Tuesday, January 27th, 2009 04:51 pm (UTC)
I quoted the relevant part of your reply, but I'll do so again. What exactly did you mean by this: it seems to me that they are saying my hardships, alienation and other experience is not as bad as someone of color, which I find deeply offensive and very narrow minded.

That should not be taken as making it about you? When people of color make posts about their experiences w/r/t race, it's often the act of dredging up old hurts and painful experiences, and it's very dismissive to come into a post and turn the focus so that it's no longer about that POC but about you. You may not have even realized that that's what you were doing, but that was my impression, and it is very typical response and reflection of your privilege.

I'm not going there with you on my tone.

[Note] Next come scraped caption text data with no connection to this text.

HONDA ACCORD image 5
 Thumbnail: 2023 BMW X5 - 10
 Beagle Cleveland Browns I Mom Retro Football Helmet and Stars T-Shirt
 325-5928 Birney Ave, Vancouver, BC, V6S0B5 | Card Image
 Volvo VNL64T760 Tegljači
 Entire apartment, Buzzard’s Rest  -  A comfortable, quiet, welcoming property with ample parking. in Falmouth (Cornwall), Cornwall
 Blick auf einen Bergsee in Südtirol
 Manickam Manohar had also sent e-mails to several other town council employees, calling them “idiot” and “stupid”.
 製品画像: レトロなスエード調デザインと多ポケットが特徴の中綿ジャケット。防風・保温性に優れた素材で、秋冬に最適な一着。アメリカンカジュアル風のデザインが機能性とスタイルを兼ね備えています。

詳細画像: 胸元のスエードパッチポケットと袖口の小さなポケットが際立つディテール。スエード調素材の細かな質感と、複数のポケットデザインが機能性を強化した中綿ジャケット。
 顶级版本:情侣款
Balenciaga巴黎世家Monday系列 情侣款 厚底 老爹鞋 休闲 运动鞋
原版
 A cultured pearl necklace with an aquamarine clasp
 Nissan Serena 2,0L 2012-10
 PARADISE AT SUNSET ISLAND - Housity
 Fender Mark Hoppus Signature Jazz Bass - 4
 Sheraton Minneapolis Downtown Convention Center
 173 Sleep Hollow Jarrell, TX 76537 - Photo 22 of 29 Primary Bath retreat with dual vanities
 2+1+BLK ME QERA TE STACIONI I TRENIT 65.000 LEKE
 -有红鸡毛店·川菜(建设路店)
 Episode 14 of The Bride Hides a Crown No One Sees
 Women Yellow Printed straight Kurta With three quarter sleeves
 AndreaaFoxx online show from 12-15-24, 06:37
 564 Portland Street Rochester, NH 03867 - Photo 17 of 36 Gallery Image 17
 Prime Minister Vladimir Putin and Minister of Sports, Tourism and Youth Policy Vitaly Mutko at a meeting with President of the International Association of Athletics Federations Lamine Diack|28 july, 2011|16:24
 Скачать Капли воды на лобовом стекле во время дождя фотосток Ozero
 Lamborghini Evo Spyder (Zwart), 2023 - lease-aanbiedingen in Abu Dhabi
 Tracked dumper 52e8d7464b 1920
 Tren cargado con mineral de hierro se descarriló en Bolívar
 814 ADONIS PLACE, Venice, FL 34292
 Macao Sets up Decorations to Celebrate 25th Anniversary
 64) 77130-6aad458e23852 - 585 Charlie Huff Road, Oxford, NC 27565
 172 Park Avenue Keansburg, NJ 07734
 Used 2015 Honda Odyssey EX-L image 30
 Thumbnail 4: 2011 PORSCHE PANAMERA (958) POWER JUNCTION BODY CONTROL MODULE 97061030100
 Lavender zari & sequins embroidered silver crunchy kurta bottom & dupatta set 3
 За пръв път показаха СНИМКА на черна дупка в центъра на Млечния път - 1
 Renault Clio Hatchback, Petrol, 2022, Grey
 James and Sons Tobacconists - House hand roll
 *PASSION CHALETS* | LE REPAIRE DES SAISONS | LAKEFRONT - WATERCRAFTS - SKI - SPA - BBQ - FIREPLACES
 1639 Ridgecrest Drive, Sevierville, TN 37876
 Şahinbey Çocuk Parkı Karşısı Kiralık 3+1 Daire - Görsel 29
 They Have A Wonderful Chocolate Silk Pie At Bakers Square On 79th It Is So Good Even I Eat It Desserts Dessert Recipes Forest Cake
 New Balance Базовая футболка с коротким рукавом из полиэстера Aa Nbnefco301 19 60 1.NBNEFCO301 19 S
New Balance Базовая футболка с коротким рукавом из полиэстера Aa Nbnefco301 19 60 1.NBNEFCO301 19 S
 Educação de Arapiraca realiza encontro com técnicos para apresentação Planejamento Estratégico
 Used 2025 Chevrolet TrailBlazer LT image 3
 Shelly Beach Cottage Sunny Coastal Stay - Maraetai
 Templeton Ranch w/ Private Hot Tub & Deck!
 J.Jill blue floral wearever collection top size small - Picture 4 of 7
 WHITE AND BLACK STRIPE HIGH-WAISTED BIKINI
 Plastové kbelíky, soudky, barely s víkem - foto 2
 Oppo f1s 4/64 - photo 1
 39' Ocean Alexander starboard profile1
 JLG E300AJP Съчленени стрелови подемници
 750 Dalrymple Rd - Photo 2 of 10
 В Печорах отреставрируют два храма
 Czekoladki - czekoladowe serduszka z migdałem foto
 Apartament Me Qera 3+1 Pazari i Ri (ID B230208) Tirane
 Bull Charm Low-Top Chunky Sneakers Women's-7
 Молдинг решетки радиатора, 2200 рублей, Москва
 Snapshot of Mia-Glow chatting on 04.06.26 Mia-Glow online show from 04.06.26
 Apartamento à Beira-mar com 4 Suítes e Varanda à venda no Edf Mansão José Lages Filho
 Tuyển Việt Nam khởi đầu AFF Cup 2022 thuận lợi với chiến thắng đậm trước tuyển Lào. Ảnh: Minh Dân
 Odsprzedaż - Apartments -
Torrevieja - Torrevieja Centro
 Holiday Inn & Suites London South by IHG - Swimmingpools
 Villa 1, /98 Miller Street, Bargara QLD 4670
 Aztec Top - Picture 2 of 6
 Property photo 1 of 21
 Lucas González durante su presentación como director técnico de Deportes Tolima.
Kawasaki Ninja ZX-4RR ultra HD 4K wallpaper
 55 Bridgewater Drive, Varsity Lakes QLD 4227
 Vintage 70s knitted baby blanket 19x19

I have not been disrespectful to you.
Tuesday, January 27th, 2009 05:08 pm (UTC)
That should not be taken as making it about you?

I understand where you are coming from, the 'my' wasn't meant to be me but suppose to be those who aren't considered POC in general. In retrosepct I didn't phrase it well, I wasn't trying to make this about me but I was trying to give an example that was different. I was trying to say you can't blanketly say just because someone is white they either dont understand, emphathise or have gone through something similar.


it is very typical response and reflection of your privilege

And by privilege you mean my being white?

I have not been disrespectful to you.

Thank you and I hope I have not been to you because it wasn't my intention.

I would still like to know your ideas on racism vs discrimination though.
Tuesday, January 27th, 2009 05:33 pm (UTC)
I was trying to say you can't blanketly say just because someone is white they either dont understand, emphathise or have gone through something similar.

I understand. We have completely didn't readings of this post, because, that wasn't the message I took away at all.

And by privilege you mean my being white?

Yes, your white privilege (http://blog.shrub.com/archives/tekanji/2006-03-08_146). I highly recommend reading this guide.

I would still like to know your ideas on racism vs discrimination though.

Sorry, I meant to answer your question in my previous reply. I'll just c&p what's found in the link above about the key differences in discriminating against POC vs. whites:

"The same power dynamics that create privilege have created a hierarchy of prejudice so that discrimination against a privileged group is not the same as discrimination against a non-privileged group. This is because discrimination against a non-privileged group is backed up with institutionalized power, whereas discrimination against a privileged group is often a singular act and therefore easier to avoid."